(Items from a dataset)
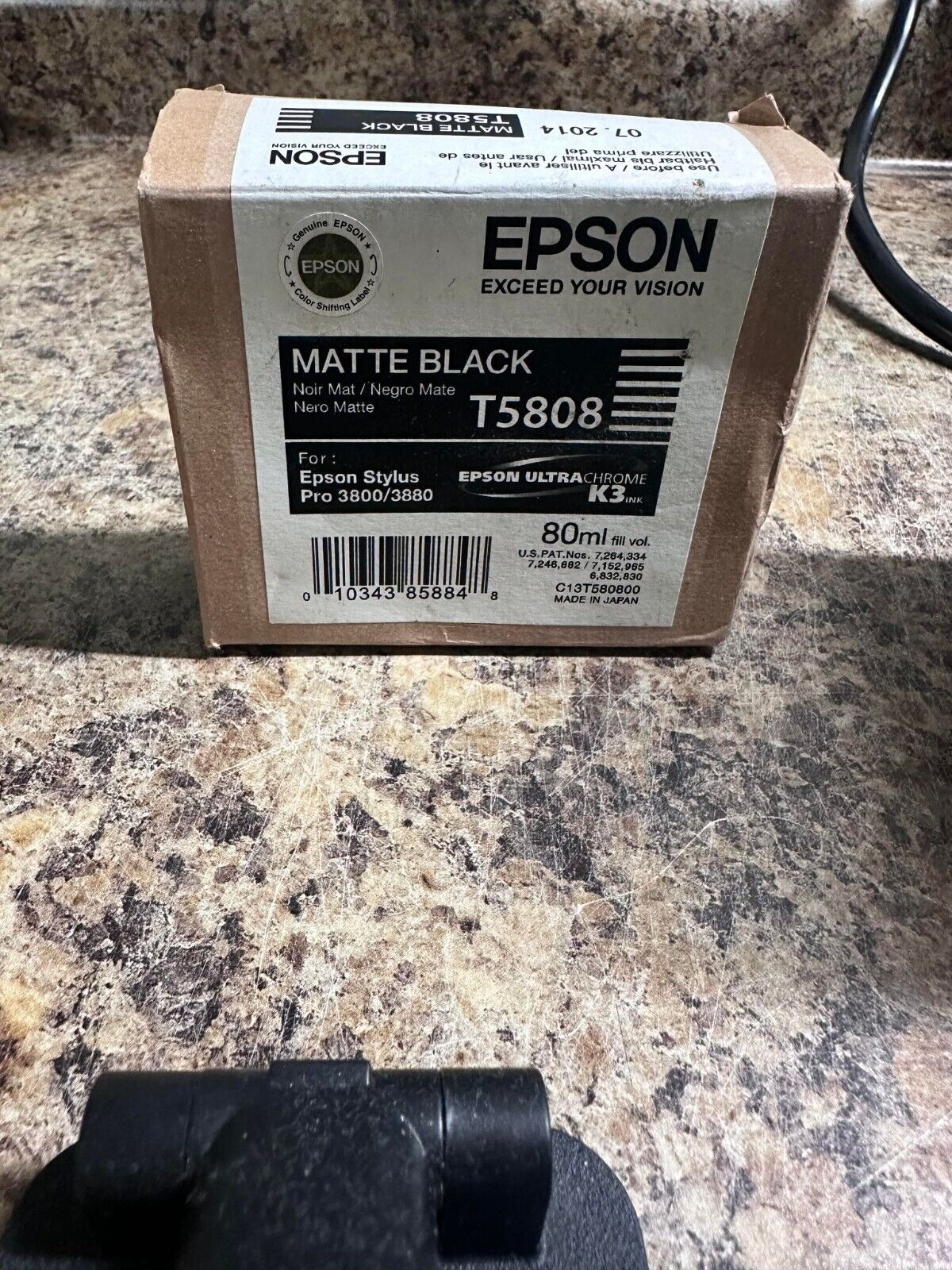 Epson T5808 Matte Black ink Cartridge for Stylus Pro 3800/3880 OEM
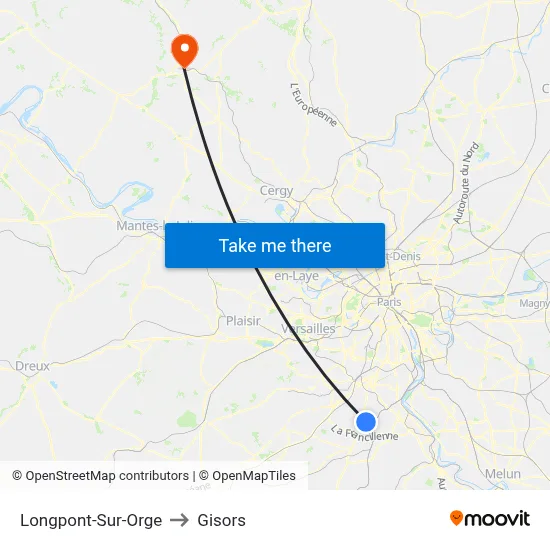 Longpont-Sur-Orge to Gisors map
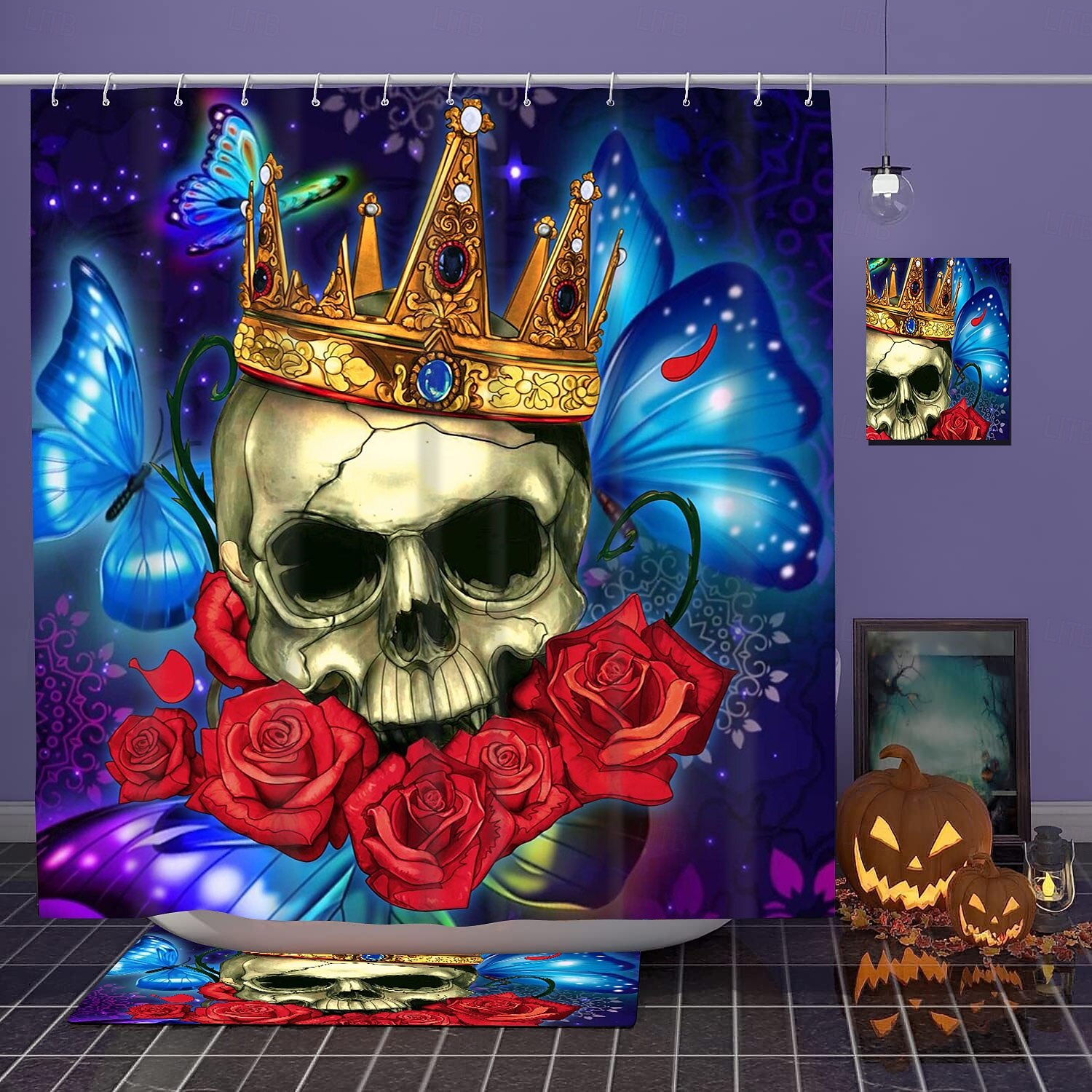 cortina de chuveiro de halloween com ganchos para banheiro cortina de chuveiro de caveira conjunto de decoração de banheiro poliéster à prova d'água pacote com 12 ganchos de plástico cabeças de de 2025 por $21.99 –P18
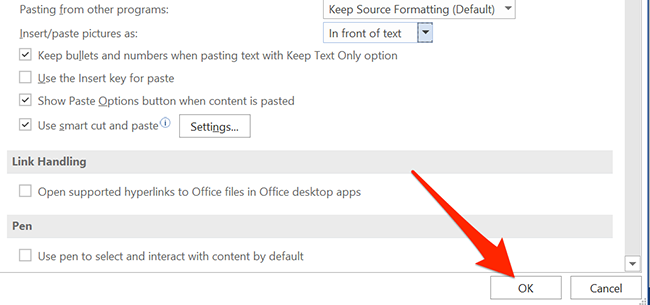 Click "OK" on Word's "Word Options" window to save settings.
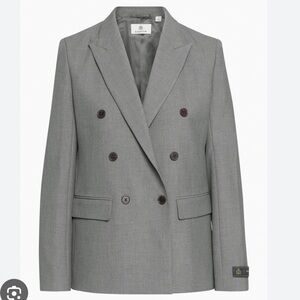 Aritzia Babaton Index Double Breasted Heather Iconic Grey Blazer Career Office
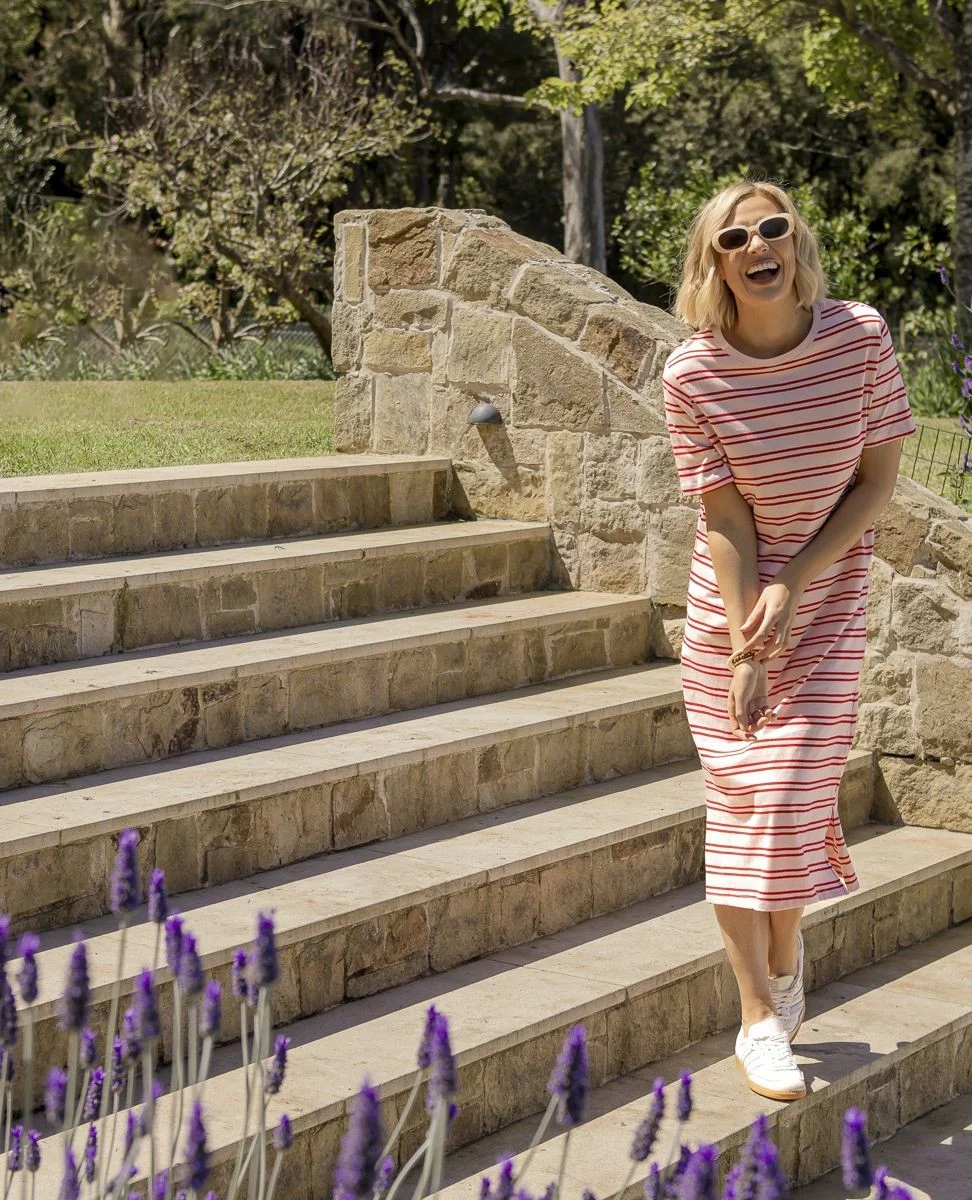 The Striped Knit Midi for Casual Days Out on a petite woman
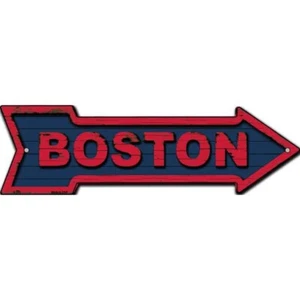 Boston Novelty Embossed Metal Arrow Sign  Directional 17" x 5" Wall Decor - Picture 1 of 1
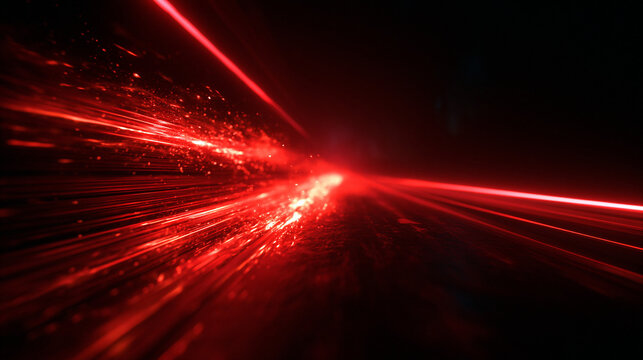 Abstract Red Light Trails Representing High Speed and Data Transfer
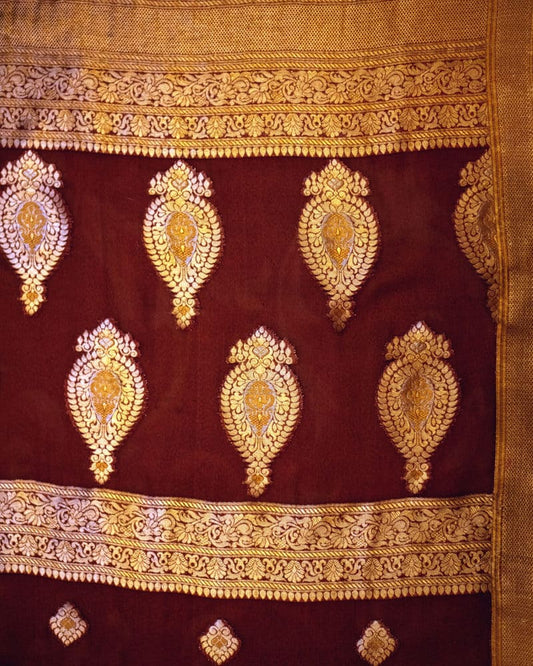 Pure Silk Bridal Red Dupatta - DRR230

## TASK TO CARRY OUT
Write out the whole of the data exactly; the pictures stay out.

## RESULT
 Epson T5808 Matte Black ink Cartridge for Stylus Pro 3800/3880 OEM
 Longpont-Sur-Orge to Gisors map
 cortina de chuveiro de halloween com ganchos para banheiro cortina de chuveiro de caveira conjunto de decoração de banheiro poliéster à prova d'água pacote com 12 ganchos de plástico cabeças de de 2025 por $21.99 –P18
 Click "OK" on Word's "Word Options" window to save settings.
 Aritzia Babaton Index Double Breasted Heather Iconic Grey Blazer Career Office
 The Striped Knit Midi for Casual Days Out on a petite woman
 Boston Novelty Embossed Metal Arrow Sign  Directional 17" x 5" Wall Decor - Picture 1 of 1
 Abstract Red Light Trails Representing High Speed and Data Transfer
 Pure Silk Bridal Red Dupatta - DRR230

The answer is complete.